When your inventory becomes damaged, it can be impossible to sell it. Damaged items may include goods that have taken actual physical damage or goods like groceries that have spoiled while waiting to be purchased. Unfortunately, damage may cut substantially into your overall profits if you do not have an inventory management system in place that helps prevent spoiled goods. 

Bookkeeping Errors

Bookkeeping errors can lead to serious challenges when it comes to retail shrinkage. Your inventory tracking system must keep up with what items you have already stored and what items you need to purchase. If you fail to properly track the inventory you have in your storage area or on your shelves, you may end up mistakenly purchasing more product that you don’t need–and ultimately, that may mean that you must sell it at a discount to recoup some of the funds you’ve already spent. Furthermore, bookkeeping errors can lead to a variety of other challenges, including failure to keep up with order minimums to maintain relationships with your suppliers.
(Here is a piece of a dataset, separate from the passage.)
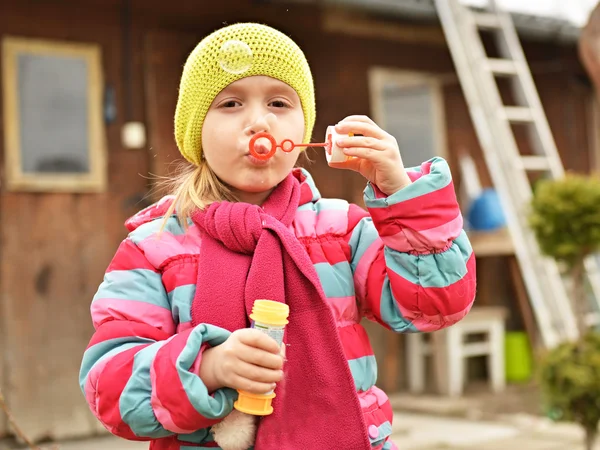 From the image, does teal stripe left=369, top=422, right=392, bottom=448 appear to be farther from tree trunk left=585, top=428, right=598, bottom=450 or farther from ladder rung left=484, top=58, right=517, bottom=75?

Combatting Retail Shrinkage

Managing your inventory is a critical part of avoiding overall shrinkage and ensuring that you can meet your goals. With StockIQ, you can improve your overall inventory management and combat retail shrinkage. 

Know What You Have on the Shelves

With StockIQ, you can keep track of what you have on the shelves at any given time–with overall increased accuracy. Not only can this help you keep up the inventory you already have on hand versus the inventory you need to order, but it can also  help you identify any potential problems before they become more serious. For example, if you notice that items are starting to disappear or that you have less inventory in stock than your system claims, it could indicate that you have a thief on your hands–and that you need to address the problem quickly so that you do not continue to lose valuable inventory. 

Balance Your Inventory

Keeping up with where your inventory is can prove critical to ensuring that you have the supplies your customers need. Sometimes, that may mean moving inventory from one place to another to keep up with customer demand. Other times, you may need to bring in more inventory in response to higher customer demand. With StockIQ, you can easily balance your inventory and keep up with where your items are–which can help you avoid much of the damage to your products. 
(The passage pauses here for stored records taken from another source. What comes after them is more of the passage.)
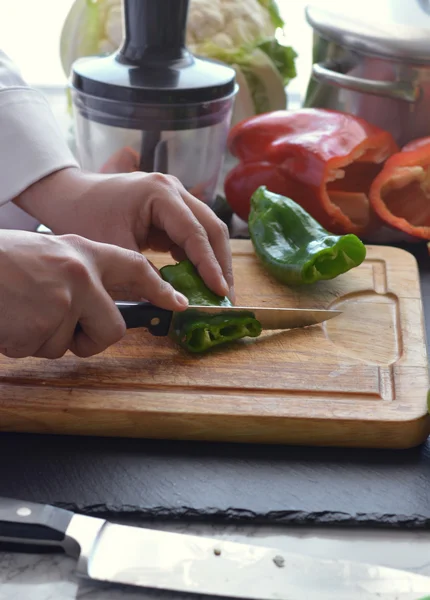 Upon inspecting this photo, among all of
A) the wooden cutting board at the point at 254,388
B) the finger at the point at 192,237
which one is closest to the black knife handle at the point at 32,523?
the wooden cutting board at the point at 254,388

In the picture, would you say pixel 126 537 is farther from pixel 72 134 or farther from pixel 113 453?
pixel 72 134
Keep Up with When You Last Ordered–and When You Need to Move Inventory

Sometimes, you may need to keep up with the date by which your inventory needs to be sold, particularly if you deal in perishable goods. The more perishable the goods, such as food, the more critical it can prove to keep up with deadlines for moving that inventory. If you have inventory getting close to your sale-by date, you may need to discount some of those products or use them as part of a promotion–and StockIQ can help alert you to potential expiration dates or sale-by dates ahead of time. Furthermore, it can help you more effectively manage your overall inventory so that you damage out fewer items. 
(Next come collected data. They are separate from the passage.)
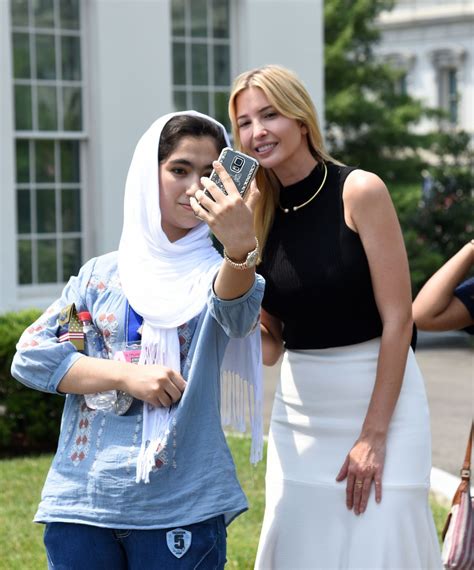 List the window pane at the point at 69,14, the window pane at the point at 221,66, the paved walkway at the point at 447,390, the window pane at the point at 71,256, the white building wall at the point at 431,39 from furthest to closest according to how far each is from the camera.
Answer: the white building wall at the point at 431,39
the window pane at the point at 221,66
the window pane at the point at 71,256
the window pane at the point at 69,14
the paved walkway at the point at 447,390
Track Your Container Loading

Damage during shipping can cause a great deal of retail shrinkage. Under-loaded containers and trucks may prove more likely to damage your inventory, since items may have a greater likelihood of rattling around in the back of a truck or on a ship. With StockIQ, however, you can keep up your container loading practices, whether you’re bringing in items from overseas or filling a truck. Not only can we help make sure that you aren’t shipping air, we can provide you with the tools necessary to ensure that you can track container loading practices and institute best practices to help maintain the integrity of your items. 

Prepare Ahead for Holidays and Major Events

During holiday seasons or specific times of the year, you may need to have more inventory on hand to handle customer demands. With StockIQ, you can easily keep up with the demand of your customers, adjust your orders accordingly, and transition quickly back to your regular order schedule, which means you’ll be less likely to have to get rid of excess inventory or lose it to damage because it sat in the warehouse for too long. You may also want to make alterations due to increased lead times or other major events–and we make that simple.